トモタク(TOMOTAQU)の評判・買値を選べない投資の実態を38室大家が検証 会社・サービスを調べる

「トモタク」を検索すると、「評判」「口コミ」と一緒に、1万円から始められる不動産投資という情報が出てきます。

トモタクは、不動産のプロが選んだ物件に1万円から出資できる、不動産クラウドファンディングサービスです。物件選びと物件運用を丸ごと運営会社に任せる投資です。

そのため、「物件の買値を自分で選べない・検証できない」という点があります。これまでの記事で「買値の検算」を繰り返し書いてきた身からすると、正直ここが一番引っかかりました。

結論として、トモタクではこのサイトでお話ししている「買値が妥当かどうか」を、投資家自身が確認する手段はほぼありません。運営会社が決めた条件を、そのまま信じるしかない商品構造です。

この仕組みの詳細は、本文で順番に解説します。

結論を先に:怪しくはない。ただし「不動産である必然性」は薄い

  • 運営会社(株式会社イーダブルジー)は実在し、不動産特定共同事業の許可も確認できた
  • 累計調達額100億円超、これまで元本割れ事例はゼロという実績も公表されている
  • ただし買値を投資家が検証できず、融資も使えない。一棟投資で効く「不動産ならではの旨味」はほとんど残らない
  • 私自身は買いません。少額の分散先の1つと割り切れる人向けの商品です

そもそも何をするサービスなのか

トモタクは、不動産特定共同事業法(不特法)に基づく不動産クラウドファンディングです。運営会社が選んだ不動産(1棟アパートやマンションなど)に、複数の投資家が少額から出資し、家賃収入や売却益を分配金として受け取る仕組みです。

  • 最低出資額——1口1万円から
  • 想定利回り——直近実績で平均6.97%程度(ファンドにより6〜10%前後)
  • 運用期間——平均11.9ヶ月。数ヶ月〜1年程度の短期が中心
  • 優先劣後方式——運用損失が出た場合、まず運営会社の出資分(劣後出資)から充当される仕組み

2026年時点で累計134件のファンドを組成し、これまで元本割れを起こした事例はないとされています。
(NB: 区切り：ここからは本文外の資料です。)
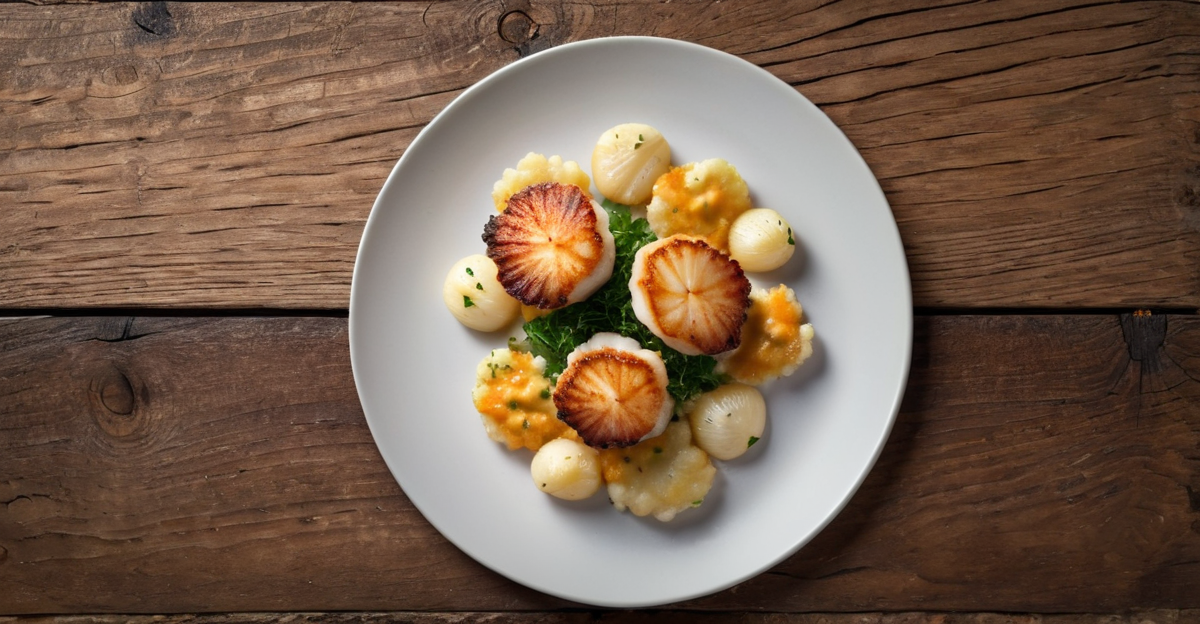 Petoncles-Poeles-sur-Chou-Fleur-en-Deux-Temps-Croustille-de-Cheddar-et-Pomme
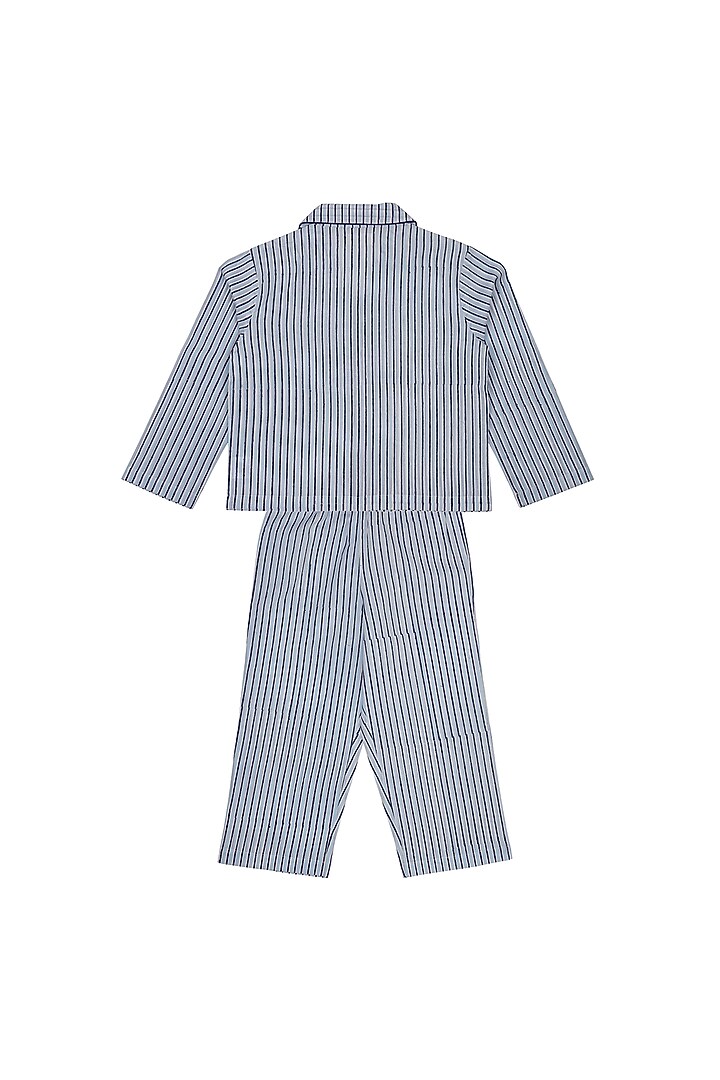Blue Cotton Block Printed Pant Set by My Litte Lambs at Pernia's Pop Up Shop
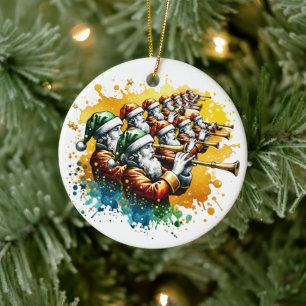 Décoration En Céramique Onze tuyères Douze jours de Noël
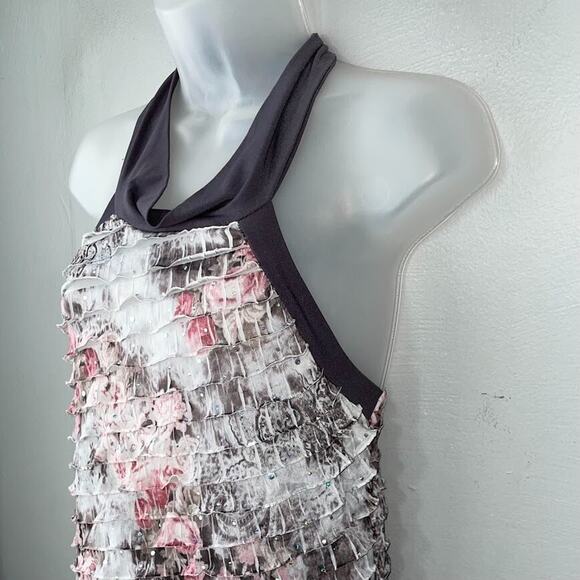 Studio Y Size Large Tiered Ruffle Halter Top Blouson Y2K Fairy Grunge Romantic - Picture 2 of 11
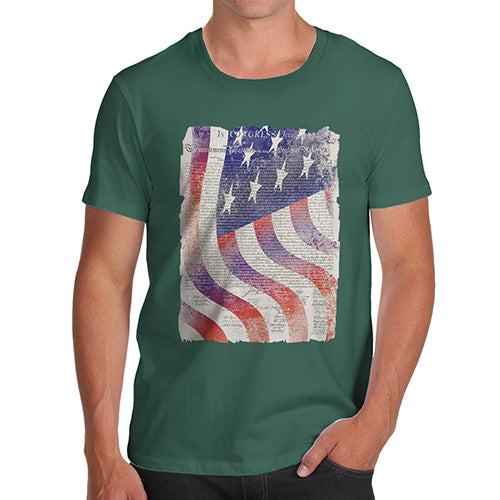 Funny T Shirts For Men Declaration Of Independence USA Flag Men's T-Shirt Medium Bottle Green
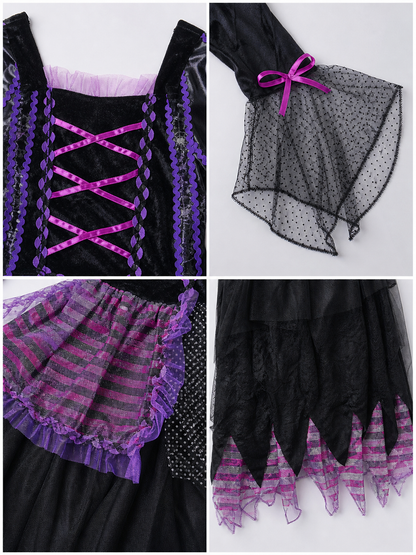 Witch Costume with Dress and Pointed Hat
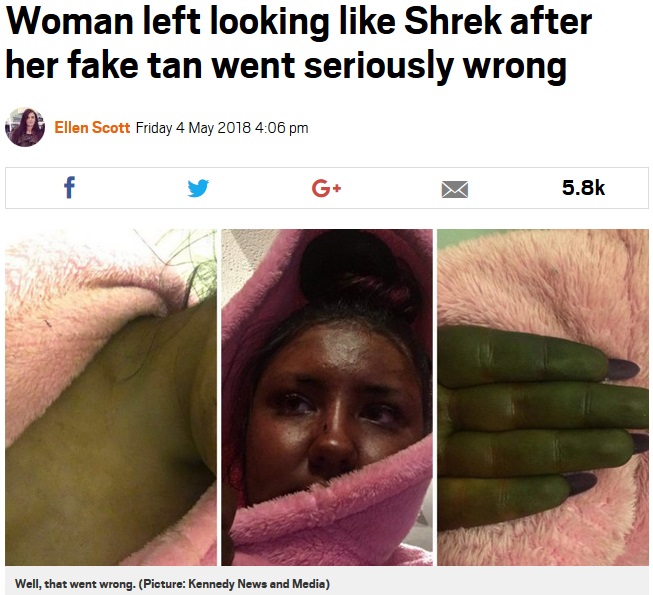 セルフタンニングで肌の色がとんでもないことに（画像は『Metro　2018年5月4日付「Woman left looking like Shrek after her fake tan went seriously wrong」（Picture: Kennedy News and Media）』のスクリーンショット）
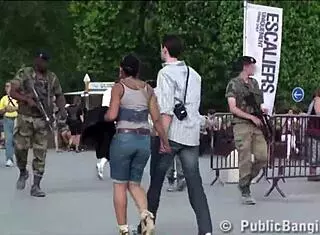 under the eiffel tower in paris france extreme public sex risky threesome orgy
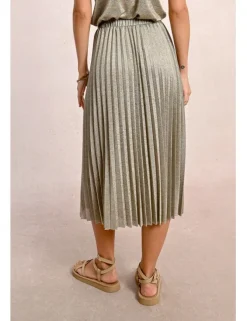 Falda midi plisada en tejido brillante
ただし元本保証ではありません。この実績は過去の話であり、将来を保証するものではない点は押さえておいてください。

運営会社の実在を確認する

会社名株式会社イーダブルジー(旧・株式会社E.W.G)
法人番号6013201018127
本店所在地東京都港区六本木7-4-1
設立2009年8月
資本金1億円
代表者田中克尚
不動産特定共同事業許可東京都知事第133号(第1号・2号事業)
宅建業免許東京都知事(3)第93945号

2009年設立で、15年以上やってきた会社です。不動産特定共同事業の許可も宅建業免許も確認できたので、法人としての実在に問題はありません。

従業員数は10名程度とされ、小さな体制で100億円超を動かしている計算になります。この規模感も、知っておく価値があります。

式に照らすと、この商品は根本的に別物だと分かる

不動産投資の真実の式は、家賃+売値-経費>買値。これまでの商標レビュー記事はすべて、この式の「買値」が妥当かどうかを、あなた自身が検算できることを前提に書いてきました。

トモタクを含むクラウドファンディングは、この前提が根本から成立しません。物件の選定も、買値の設定も、すべて運営会社が事前に決めた状態でファンドが公開されます。あなたにできるのは「出資するかしないか」の二択だけです。

これは別に悪いことではありません。中身を選べない代わりに、選ぶ手間そのものが要らない仕組みだからです。

ただし「自分で買値を検算する不動産投資」だと思って手を出すと、話が違ってきます。これは検算する投資ではありません。運営会社を信じるかどうかを決める投資です。

だから見るべき指標も変わります。買値の妥当性の代わりに、「運営会社の実績年数」「累計調達額と元本割れの有無」「劣後出資比率」を確認してください。これらは公式サイトの各ファンドページに記載があります。

劣後出資比率とは何か、具体的な数字で見る

劣後出資比率とは、ファンド全体の出資額のうち、運営会社が自己資金で負担する割合のことです。あなた(投資家)のお金と、運営会社のお金の比率だと考えてください。

例えば、出資総額1,000万円のファンドで劣後出資比率が10%なら、運営会社が100万円、投資家が900万円を出し合う形です。物件を売却した結果、100万円の損失が出ても、その100万円は先に運営会社の100万円から差し引かれます。投資家の900万円には影響しません。

ただし損失が100万円を超えた場合、超えた分は投資家の元本からも削られます。劣後出資比率は「そこまでは安全」という下限のラインであって、無制限の保証ではありません。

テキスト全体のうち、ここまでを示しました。